2. The phrase museum without walls is derived from the first chapter of Malraux’s book Voices of Silence, which was originally published in three volumes under the title The Psychology of Art between 1947 and 1949. A meditation on the promise of photography as an aid to art appreciation, it preceded the first Time-Life title by a little over a decade but partakes of much the same zeitgeist.
3. As Thomson explained it to me, “Because Sideways Thought required so many more books on Rodin than Time-Life offered, I released Time-Life books as a parameter for the series and, after that, any bound printed matter was fair game.” Nevertheless, the publisher’s name has retained its place in his titling. One can infer that it remains a central point of reference for everything that follows.
4. This time signature was also chosen because hard-copy books are scanned at this same rate when digitized—eight pages per second is the rate scanned by the BGS-Auto at the University of Tokyo.
5. Rosalind E. Krauss, “The Originality of the Avant-Garde,” in The Originality of the Avant-Garde and Other Modernist Myths (MIT Press, 1991), 155.
6. In this passage, for instance: “Like Cartier-Bresson, who never printed his own photographs, Rodin’s relation to the casting of his sculptures could only be called remote.” Krauss, 153.
7. Interestingly, this practice begins in a quasi-legal context, as is related in the following article on the website of the Musée Rodin in Meudon, France: “In 1877, his submission to the Paris Salon, The Age of Bronze, was the subject of huge controversy. Its critics accused Rodin of not having modelled this male figure, but of having used a life cast. The sculptor reacted by employing photographer Gaudenzio Marconi, who supplied art students with images, to take a series of shots of both the plaster version of The Age of Bronze and Auguste Neyt, the model who had posed for the work, so that they could be used as proof in his defense.” See “Rodin and Photography,” Musée Rodin, accessed July 9, 2025, musee-rodin.fr/en/resources/rodin-and-arts/rodin-and-photography.
8. This and the following quotes are derived from Paul Virilio, The Vision Machine, trans. Julie Rose (Indiana University Press, 1994), 1–2.

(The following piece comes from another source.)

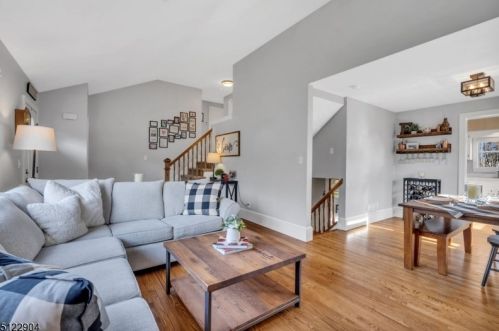 285 Passaic Ave, Stirling, NJ 07980-1306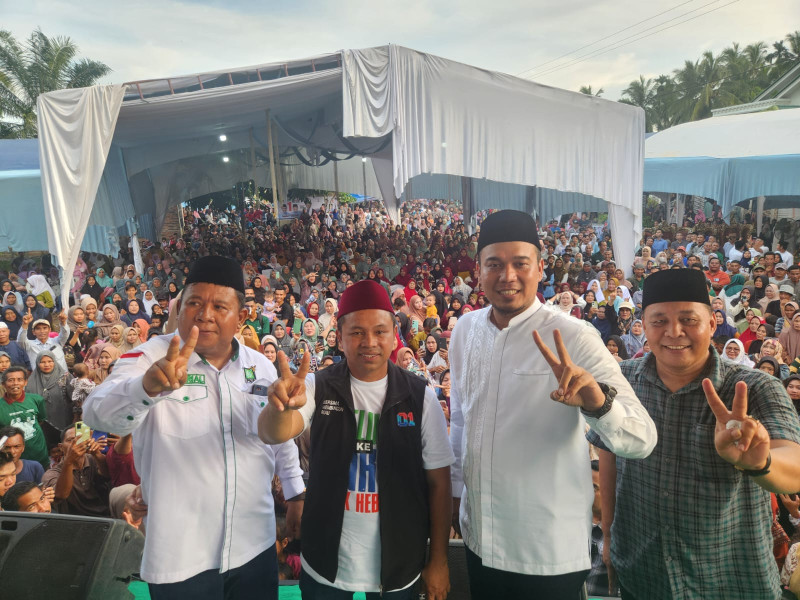 Ruas Jalan Inhu - Kuansing Rusak Berat, Abdul Wahid Berkomitmen Akan Tuntaskan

9. I am employing some of Rodin’s language here: As he says to Gsell, “If the artist manages to give the impression that a gesture is being executed over several seconds, their work is certainly much less conventional than the scientific image in which time is abruptly suspended.” Rodin, in Virilio, The Vision Machine, 2.
10. Aristotle, for one, placed the distinction between actual and potential energy at the core of his thinking. In his De Anima, we encounter the somewhat obvious but still striking observation that energy is extinguished in its actualization whereas its withholding as potential is outwardly akin to impotence. Nevertheless, without the latter the former could not arise. Potential is the animating principle, which the Latin term anima relates to the soul. Aristotle, De Anima, in The Basic Works of Aristotle, ed. Richard McKeon (The Modern Library, 2001), Section 5, 564–67.